Carpio pointed out that a service contract for the joint exploration of gas and oil in contested areas in the South China Sea could actually boost the country’s rights over its exclusive economic zones in the WPS.
“I don’t have any objection with that kind of arrangement because if China comes in through our service contractors, those service contracts expressly recognize that the area falls within Philippine sovereignty or sovereign rights,” he said.
In a forum at the House of Representatives, Carpio said the only way to get China to follow the UN arbitral decision recognizing the Philippines’ rights in the WPS is to educate the Chinese people and to show them that they do not own 85.7 percent of the South China Sea as their government claims.

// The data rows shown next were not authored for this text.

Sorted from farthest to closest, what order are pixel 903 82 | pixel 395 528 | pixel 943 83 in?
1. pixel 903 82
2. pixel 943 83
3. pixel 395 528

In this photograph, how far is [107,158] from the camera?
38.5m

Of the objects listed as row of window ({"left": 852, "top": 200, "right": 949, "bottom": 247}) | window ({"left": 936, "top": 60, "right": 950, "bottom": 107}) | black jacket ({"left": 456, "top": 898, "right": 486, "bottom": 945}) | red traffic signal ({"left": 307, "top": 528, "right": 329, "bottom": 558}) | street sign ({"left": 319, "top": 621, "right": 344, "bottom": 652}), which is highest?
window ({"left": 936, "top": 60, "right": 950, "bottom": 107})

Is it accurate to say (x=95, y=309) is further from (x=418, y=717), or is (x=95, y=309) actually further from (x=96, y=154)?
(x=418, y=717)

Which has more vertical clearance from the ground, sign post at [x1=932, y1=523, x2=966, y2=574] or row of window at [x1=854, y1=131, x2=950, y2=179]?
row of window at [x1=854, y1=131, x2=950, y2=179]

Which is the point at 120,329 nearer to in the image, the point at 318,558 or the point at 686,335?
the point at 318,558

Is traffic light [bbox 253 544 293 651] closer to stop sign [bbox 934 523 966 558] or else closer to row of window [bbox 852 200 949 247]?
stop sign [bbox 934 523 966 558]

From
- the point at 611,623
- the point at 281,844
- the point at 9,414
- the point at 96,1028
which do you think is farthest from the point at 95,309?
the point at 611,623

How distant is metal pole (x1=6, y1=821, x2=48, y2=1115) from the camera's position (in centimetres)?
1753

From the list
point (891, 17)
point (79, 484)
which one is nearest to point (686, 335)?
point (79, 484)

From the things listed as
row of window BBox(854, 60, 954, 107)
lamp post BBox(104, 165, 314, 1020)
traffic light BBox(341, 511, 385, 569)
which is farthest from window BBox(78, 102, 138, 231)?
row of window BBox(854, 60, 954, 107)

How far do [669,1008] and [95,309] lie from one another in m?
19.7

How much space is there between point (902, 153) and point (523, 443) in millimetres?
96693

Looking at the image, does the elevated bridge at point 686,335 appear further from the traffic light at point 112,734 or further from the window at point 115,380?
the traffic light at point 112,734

“The Chinese government will not comply with the ruling until the Chinese people understand that that historical narrative is totally false,” Carpio said,
Carpio said the Philippines has the rightful claim over the WPS as the earliest maps dating back to the Spanish period show.
These maps were the 1734 Carta Hydrographica y Chorographica de las Yslas Filipinas printed by the Jesuit priest Murillo Velarde and the 1688 Coronelli Terrestrial Globe. Both maps submitted as evidence in the arbitral case.
Carpio said the Philippines won the arbitration case and the country must assert its territorial rights over the disputed waters . “The tribunal said China does not own the South China Sea… Now how do you convince the Chinese government to comply with the ruling when the China population believe that they own it?” he said.
“The waters in the high seas belong to all mankind, and the resources in the EEZ belong solely to the adjacent coastal states,” Carpio said.